• Chef Dylan


This is one of those dishes I feel every teenager should learn how to make because it destroys hunger every time and is super easy to make. The secret is to simply let it simmer on a very gentle heat and not let too much liquid evaporate. The result is a hearty wholesome meal for everyone to enjoy.

This sauce is traditionally referred to as a ragu; a meat-based sauce that has its history in the region of Bologna in Italy. The first reference to this Bolognese meat based ragu appears in Pellegrino Artusi ’s cookbook published in 1891. I must admit I have a rather nostalgic soft spot for this wonderful sauce as my mother was a master of this old classic when I was a young boy.

I remember being at rugby league footy training one night; I’m about seven-years-old and my father, as the coach of the team, is making us go through a surprise attack move called the ‘cane toad’. It’s a set move for when we get a scrum on the right-hand side of the field 10 to 15 metres out from the try line. “OK, this is the last run through of this move. OK boys, let's get this right!” exclaims Dad as he begins to turn into an imaginary ref and blows a pretend whistle. “Penalty Arncliffe Scots,” he declares. I now kick the ball as close as I can, out on the full on the left side of the field. Dad then proceeds to pretend that he is blind and is using a cane. The signal. “Cane toad” I call out and we set the scrum.

Now my role, as the first receiver, is to fool the opposition and to get them thinking we will be playing out to the left, as we have all of our backs lined up ready and calling for the ball. After fooling the defence I flick pass it to Roger our winger who is on the burst down the blindside, hence the name ‘cane toad'. It’s a play on the word cane and was a sure way for us to remember this blindside move. Finally, after we had been going over and over the move for the last hour we were done. All I could think about was devouring a large bowl of spaghetti Bolognese that I had seen mum getting ready as we left for training.

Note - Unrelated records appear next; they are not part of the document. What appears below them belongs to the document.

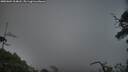 ./images/calvert/fitz-hugh-hecate/20250604/fitz-hugh-hecate20250604_214008M.jpg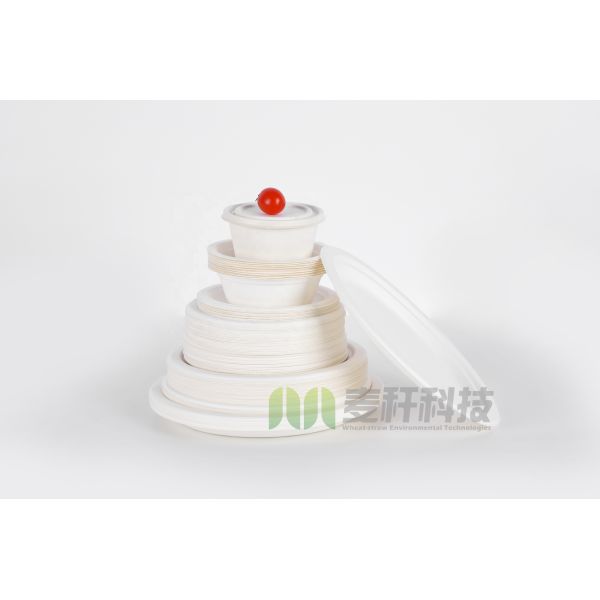 6 Inch 8 Inch 10 Inch Sugarcane Round Compostable Plates for Party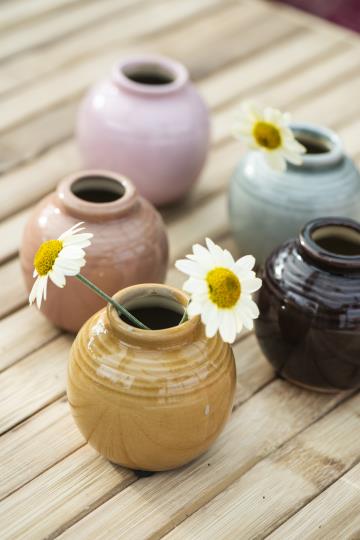 Mini Coloured Vase With Crackled Surface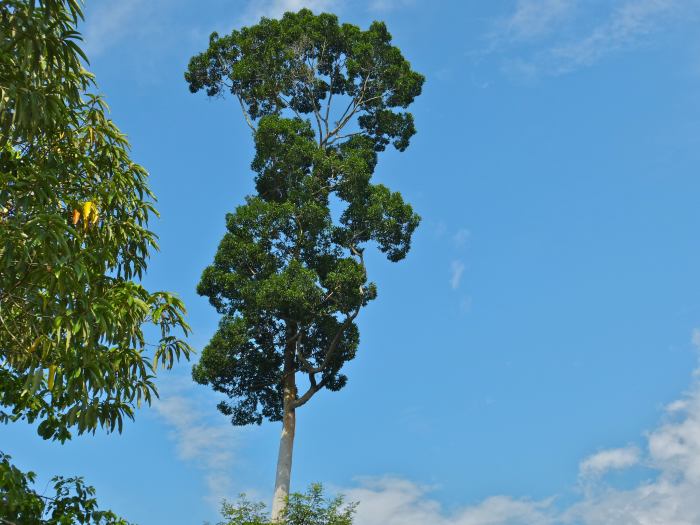 6. Endangered Plant : Apnit or Bagtikan - Parashorea malaanonan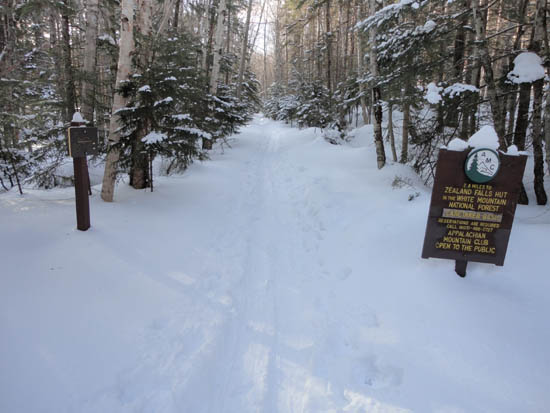 The Zealand Trail trailhead at the end of Zealand Road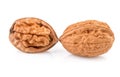 Isolated walnut. Two halves of walnuts isolated on white background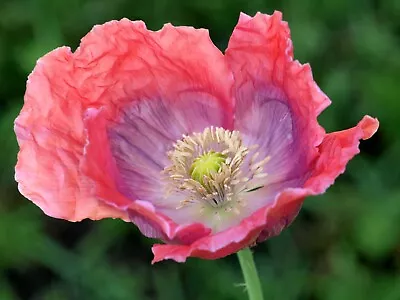 POPPY THE GIANT MIX COLOR GIANT SEED PODS Huge Blooms Baking Non-GMO 100+ Seeds! • $0.99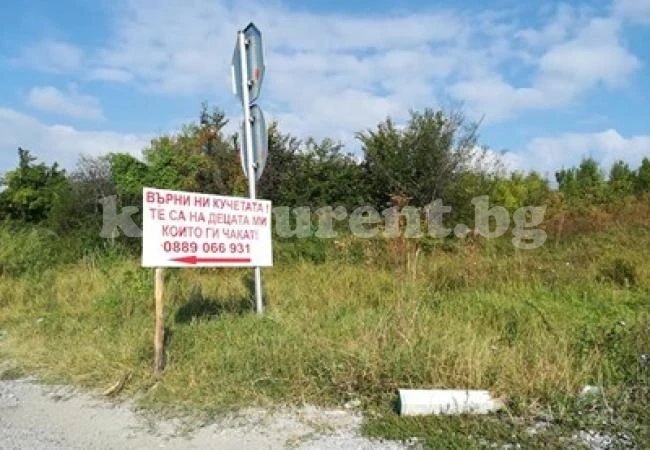Баща на болно дете издирва с билбордове крадците на кучетата му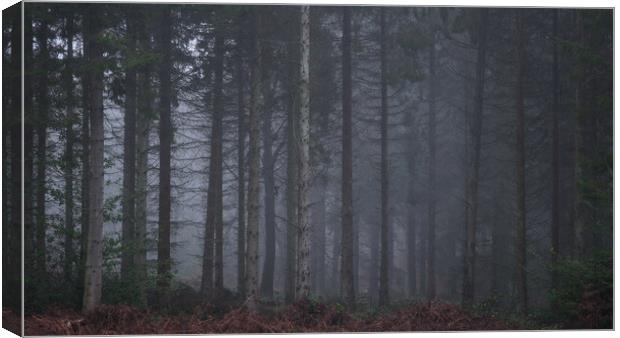 Misty Woodland scene, Falkirk, Scotland.  Canvas Print by Tommy Dickson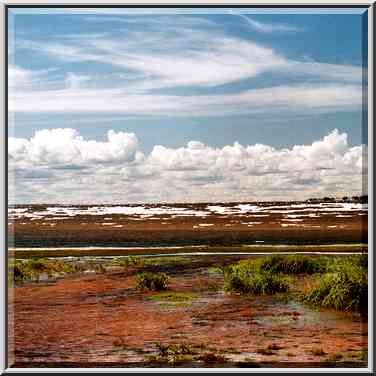 Gulf of Finland in Sestroretsk at windy day. Near St. Petersburg, Russia, August 1, 2001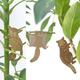 S/3 Plant Animals - Galago & co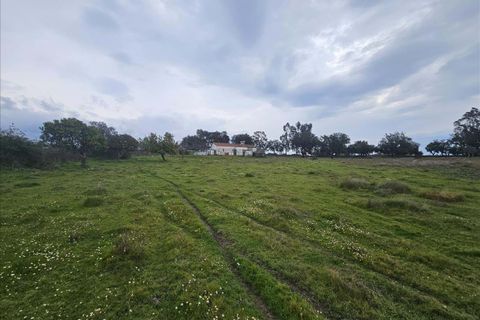 Villa a Portalegre, Portalegre, Portalegre - € 48.000 | Ref: C0284-00848 - foto 14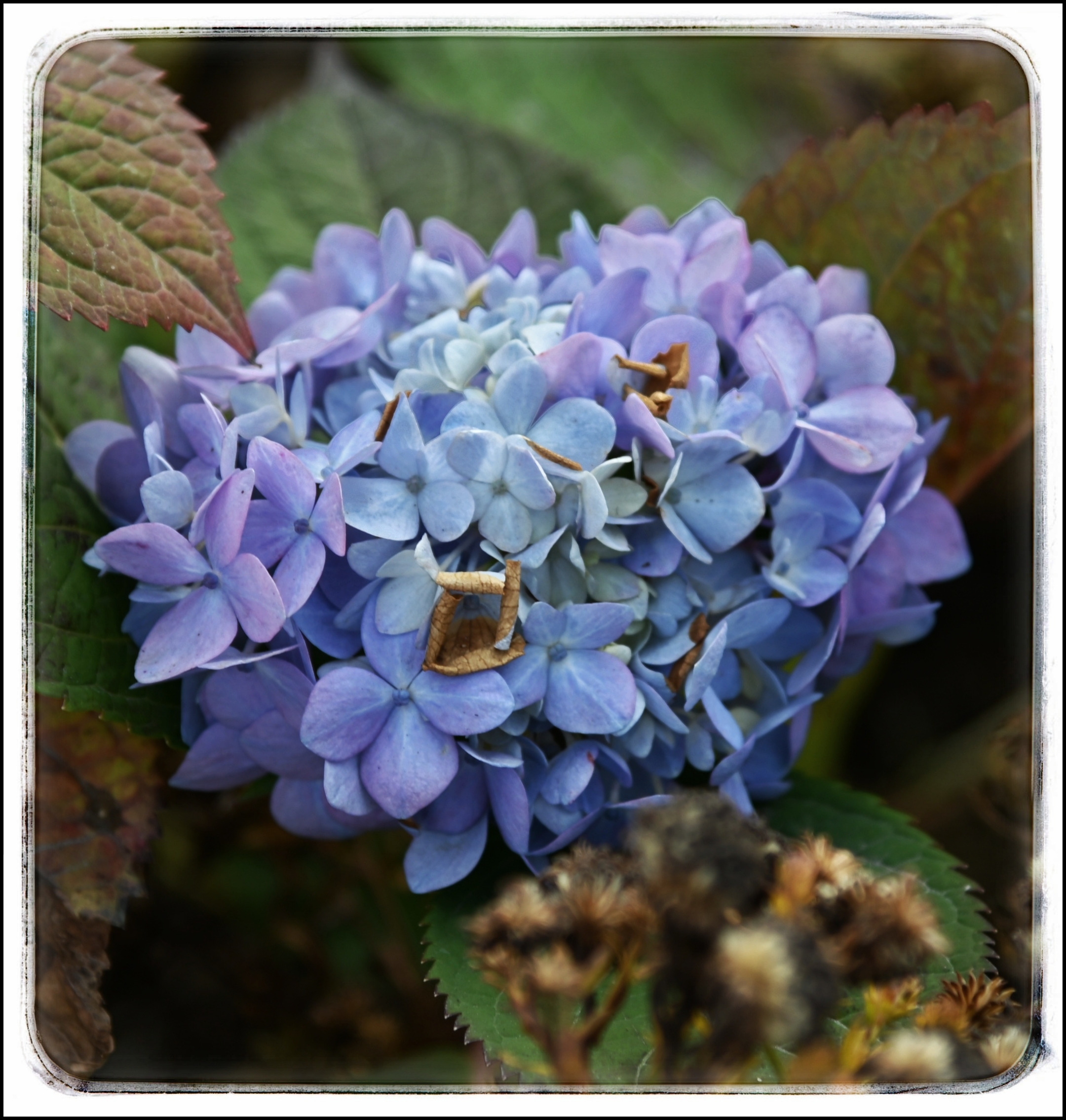 【首发】会变色的绣球花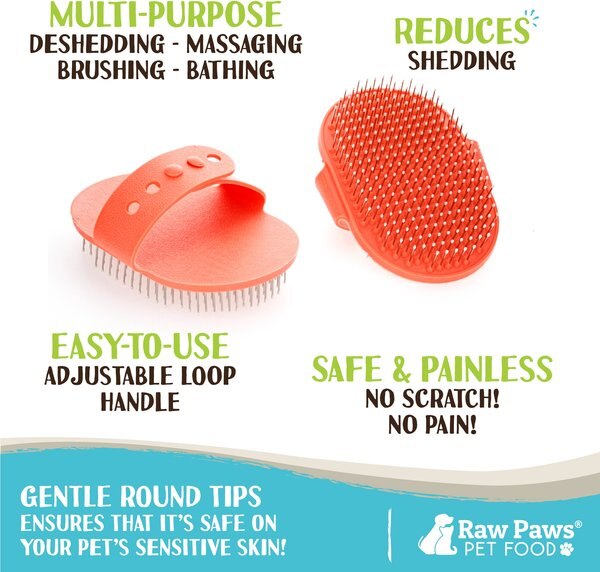 Raw Paws No-Handle Pin Brush Dog & Cat Brush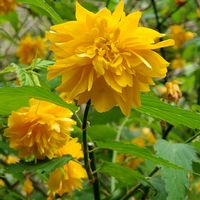 ヤマブキ,黄色い花,花のある暮らし,お出かけ先の画像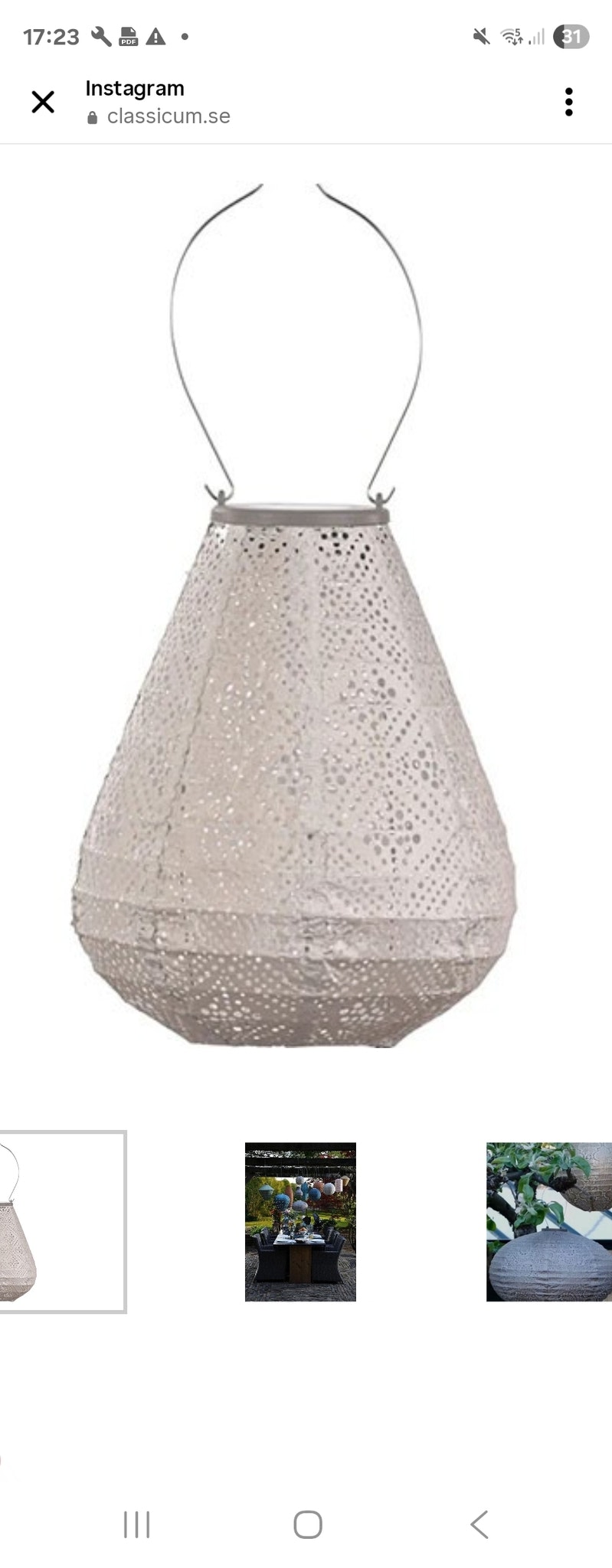 Tulpan 20 cm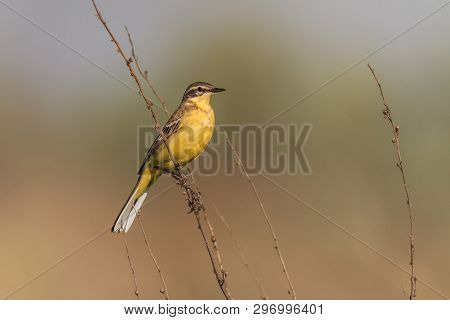 Yellow Wagtail Warble On A Tree Twig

As we walked in the front door, we were instantly greeted with the wonderful smell of simmering Bolognese and fresh baked garlic bread. When I sat down with a steaming bowl of this before me it took every ounce of strength not to start just sending fistfuls of this deliciousness into my mouth. My tastebuds danced with joy as I began to taste the rich tomato and beef-based sauce. I hope you enjoy making this recipe as much as I do.

PREP TIME: 15 mins




  • 300g spaghetti, uncooked

  • 4½ tablespoons olive oil, divided

  • 500g minced beef

  • 1 medium onion, finely chopped

  • ½ tablespoon garlic, minced

  • 1 x 400g can chopped tomatoes

  • 2 tbsps tomato paste

  • 4 tbsps GAUCHO

  • ¼ cup fresh parsley, finely chopped

  • ¼ cup parmesan or tasty cheese


  1. Heat the 2 tablespoons of olive oil in a medium size cooking pot for 2 minutes over medium high; heat until the hot oil sizzles. Add ground beef about 100g at a time and stir well to cook until browned – 3 to 5 minutes. Repeat until all meat is browned.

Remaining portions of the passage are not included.